Dans la période inter­mé­diaire allant de la dimi­nu­tion des salaires à leur rajus­te­ment, des semaines, des mois, peut-être des années seront pas­sés, car la lutte ouvrière pour la sau­ve­garde du stan­dard de vie est tou­jours en retard sur la réa­li­té, ce sera autant de raflé sur les mil­lions de sala­riés.
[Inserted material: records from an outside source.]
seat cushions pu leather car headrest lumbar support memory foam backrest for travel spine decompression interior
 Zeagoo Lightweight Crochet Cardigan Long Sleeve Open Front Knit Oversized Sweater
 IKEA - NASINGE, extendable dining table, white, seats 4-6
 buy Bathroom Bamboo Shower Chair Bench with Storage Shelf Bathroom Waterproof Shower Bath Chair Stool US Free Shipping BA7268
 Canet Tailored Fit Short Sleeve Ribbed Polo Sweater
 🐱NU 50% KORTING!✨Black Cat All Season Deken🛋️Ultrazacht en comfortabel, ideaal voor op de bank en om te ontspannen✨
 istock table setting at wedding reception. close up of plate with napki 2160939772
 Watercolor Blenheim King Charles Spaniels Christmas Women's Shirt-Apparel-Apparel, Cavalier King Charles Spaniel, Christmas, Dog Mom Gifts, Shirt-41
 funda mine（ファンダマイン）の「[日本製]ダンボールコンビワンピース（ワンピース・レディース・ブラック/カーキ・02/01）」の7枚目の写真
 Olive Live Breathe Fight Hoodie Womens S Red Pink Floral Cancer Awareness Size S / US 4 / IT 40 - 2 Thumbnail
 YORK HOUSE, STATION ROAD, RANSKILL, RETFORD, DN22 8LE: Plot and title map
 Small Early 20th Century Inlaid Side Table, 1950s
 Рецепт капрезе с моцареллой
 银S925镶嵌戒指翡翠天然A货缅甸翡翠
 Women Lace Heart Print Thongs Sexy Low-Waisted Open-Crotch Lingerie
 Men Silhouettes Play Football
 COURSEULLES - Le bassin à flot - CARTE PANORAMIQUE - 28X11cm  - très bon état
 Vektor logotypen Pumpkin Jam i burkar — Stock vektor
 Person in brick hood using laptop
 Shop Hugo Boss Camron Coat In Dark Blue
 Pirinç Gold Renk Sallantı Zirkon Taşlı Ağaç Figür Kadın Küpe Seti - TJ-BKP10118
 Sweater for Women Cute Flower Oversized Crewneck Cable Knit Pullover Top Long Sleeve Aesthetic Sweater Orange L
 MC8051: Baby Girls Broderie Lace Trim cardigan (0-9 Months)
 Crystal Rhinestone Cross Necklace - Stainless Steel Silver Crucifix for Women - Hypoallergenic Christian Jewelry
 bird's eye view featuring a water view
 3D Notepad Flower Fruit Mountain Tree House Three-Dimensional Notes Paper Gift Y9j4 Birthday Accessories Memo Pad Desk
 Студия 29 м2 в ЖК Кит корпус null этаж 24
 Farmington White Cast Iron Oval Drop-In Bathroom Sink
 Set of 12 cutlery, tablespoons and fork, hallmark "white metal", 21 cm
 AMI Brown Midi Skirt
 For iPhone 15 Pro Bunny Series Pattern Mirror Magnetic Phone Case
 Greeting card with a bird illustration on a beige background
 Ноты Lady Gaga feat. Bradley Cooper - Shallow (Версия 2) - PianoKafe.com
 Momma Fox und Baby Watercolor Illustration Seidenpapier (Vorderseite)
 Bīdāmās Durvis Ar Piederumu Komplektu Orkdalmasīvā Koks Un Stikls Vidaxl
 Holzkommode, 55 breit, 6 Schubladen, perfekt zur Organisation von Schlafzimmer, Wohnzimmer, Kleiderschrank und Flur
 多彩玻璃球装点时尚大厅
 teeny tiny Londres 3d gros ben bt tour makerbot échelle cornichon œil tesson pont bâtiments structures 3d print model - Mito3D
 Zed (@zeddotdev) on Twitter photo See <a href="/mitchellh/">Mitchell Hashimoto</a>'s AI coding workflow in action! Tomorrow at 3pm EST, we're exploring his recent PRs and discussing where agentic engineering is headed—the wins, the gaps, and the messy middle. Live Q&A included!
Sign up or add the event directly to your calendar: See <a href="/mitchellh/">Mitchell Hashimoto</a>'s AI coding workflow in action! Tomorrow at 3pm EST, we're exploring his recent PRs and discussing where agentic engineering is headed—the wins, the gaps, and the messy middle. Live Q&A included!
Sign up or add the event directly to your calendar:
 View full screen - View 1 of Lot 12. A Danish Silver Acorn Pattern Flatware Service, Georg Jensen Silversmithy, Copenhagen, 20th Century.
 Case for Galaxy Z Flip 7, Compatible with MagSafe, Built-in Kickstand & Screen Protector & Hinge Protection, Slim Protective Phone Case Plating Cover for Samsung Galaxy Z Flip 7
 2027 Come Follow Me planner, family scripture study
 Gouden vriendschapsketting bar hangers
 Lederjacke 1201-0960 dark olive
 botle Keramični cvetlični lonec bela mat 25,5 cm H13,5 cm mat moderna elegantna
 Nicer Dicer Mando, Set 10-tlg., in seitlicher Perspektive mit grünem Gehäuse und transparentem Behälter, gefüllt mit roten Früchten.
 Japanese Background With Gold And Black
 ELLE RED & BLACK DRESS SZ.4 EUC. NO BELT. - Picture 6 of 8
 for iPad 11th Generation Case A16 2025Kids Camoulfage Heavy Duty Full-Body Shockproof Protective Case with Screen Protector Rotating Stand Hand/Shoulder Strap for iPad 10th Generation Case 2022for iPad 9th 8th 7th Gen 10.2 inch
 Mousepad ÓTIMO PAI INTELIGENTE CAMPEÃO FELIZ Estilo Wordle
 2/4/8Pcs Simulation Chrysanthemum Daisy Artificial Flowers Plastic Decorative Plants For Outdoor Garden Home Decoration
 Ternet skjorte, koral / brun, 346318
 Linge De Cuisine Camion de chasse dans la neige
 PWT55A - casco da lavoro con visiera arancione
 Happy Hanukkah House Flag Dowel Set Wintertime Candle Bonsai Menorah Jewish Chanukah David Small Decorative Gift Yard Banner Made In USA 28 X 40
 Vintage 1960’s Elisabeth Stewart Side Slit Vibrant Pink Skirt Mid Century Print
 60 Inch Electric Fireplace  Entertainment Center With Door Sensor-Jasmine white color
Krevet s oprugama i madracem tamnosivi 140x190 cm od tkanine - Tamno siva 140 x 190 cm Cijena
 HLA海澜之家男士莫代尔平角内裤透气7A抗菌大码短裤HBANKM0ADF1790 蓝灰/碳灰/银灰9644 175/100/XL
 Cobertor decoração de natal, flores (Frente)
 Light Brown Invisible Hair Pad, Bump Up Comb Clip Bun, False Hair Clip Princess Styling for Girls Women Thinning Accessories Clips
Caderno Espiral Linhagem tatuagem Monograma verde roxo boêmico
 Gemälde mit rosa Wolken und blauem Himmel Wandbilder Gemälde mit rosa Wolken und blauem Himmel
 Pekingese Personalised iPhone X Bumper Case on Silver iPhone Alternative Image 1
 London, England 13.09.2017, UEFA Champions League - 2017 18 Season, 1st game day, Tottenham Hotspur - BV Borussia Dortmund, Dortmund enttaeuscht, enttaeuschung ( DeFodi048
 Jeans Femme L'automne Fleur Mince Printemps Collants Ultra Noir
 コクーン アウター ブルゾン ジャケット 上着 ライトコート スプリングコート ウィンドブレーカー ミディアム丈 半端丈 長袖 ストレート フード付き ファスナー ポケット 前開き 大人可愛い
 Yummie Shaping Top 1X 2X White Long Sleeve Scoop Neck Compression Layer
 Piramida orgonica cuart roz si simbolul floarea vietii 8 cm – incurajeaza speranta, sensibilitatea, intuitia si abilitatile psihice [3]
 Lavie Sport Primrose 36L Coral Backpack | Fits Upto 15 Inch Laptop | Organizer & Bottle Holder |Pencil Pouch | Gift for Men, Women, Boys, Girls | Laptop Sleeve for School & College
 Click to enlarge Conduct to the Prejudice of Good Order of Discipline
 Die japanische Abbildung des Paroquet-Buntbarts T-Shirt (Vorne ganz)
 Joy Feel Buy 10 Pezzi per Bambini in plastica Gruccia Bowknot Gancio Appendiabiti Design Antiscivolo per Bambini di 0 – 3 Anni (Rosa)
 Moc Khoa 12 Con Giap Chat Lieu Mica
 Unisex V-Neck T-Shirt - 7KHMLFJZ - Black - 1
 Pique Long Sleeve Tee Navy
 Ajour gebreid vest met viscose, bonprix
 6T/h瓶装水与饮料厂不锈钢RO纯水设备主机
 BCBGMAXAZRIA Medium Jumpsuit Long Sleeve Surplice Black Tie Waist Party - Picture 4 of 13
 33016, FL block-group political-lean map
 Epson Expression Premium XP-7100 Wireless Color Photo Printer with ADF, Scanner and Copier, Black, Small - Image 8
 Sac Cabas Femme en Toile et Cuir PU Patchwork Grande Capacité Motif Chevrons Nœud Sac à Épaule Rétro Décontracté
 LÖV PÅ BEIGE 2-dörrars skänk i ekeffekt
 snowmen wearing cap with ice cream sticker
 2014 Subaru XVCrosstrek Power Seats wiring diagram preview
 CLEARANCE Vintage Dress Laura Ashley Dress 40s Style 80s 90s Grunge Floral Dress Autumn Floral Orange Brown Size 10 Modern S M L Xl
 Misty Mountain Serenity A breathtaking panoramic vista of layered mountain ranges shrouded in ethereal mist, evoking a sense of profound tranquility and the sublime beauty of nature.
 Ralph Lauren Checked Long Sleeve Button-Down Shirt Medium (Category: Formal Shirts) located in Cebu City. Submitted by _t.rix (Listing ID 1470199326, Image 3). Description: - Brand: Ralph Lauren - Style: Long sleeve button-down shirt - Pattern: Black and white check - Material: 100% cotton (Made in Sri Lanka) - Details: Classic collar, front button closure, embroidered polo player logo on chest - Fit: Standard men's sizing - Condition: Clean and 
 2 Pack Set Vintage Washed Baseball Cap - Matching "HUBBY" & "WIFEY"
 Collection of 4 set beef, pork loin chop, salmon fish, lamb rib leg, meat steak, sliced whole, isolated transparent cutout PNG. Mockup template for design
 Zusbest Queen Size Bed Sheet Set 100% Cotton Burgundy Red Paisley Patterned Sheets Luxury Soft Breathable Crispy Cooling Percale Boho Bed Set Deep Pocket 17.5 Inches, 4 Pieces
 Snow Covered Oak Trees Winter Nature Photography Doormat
Quant aux épar­gnants, aux ren­tiers, à tous ceux qui ont eu foi dans l’É­tat, leur franc-or, deve­nu du franc 4 sous, devien­dra du franc à 1 sou, car le seul, et unique, moyen pour régler ses dettes est de faire faillite ; le caram­bouillage est une tech­nique de para­sites et mau­vais payeurs. 

Le sys­tème éco­no­mique basé sur la loi du pro­fit exige pour sub­sis­ter des capi­taux frais et la répu­dia­tion pério­dique de ses enga­ge­ments ; l’ou­vrier est spo­lié du fruit de son effort, mais l’ac­tion­naire est vic­time au même titre des stra­tèges du capi­tal : l’un pro­duit, l’autre en cher­chant le pro­fit joue et tous les deux sont dépouillés d’une façon magique et per­sonne n’y a rien compris.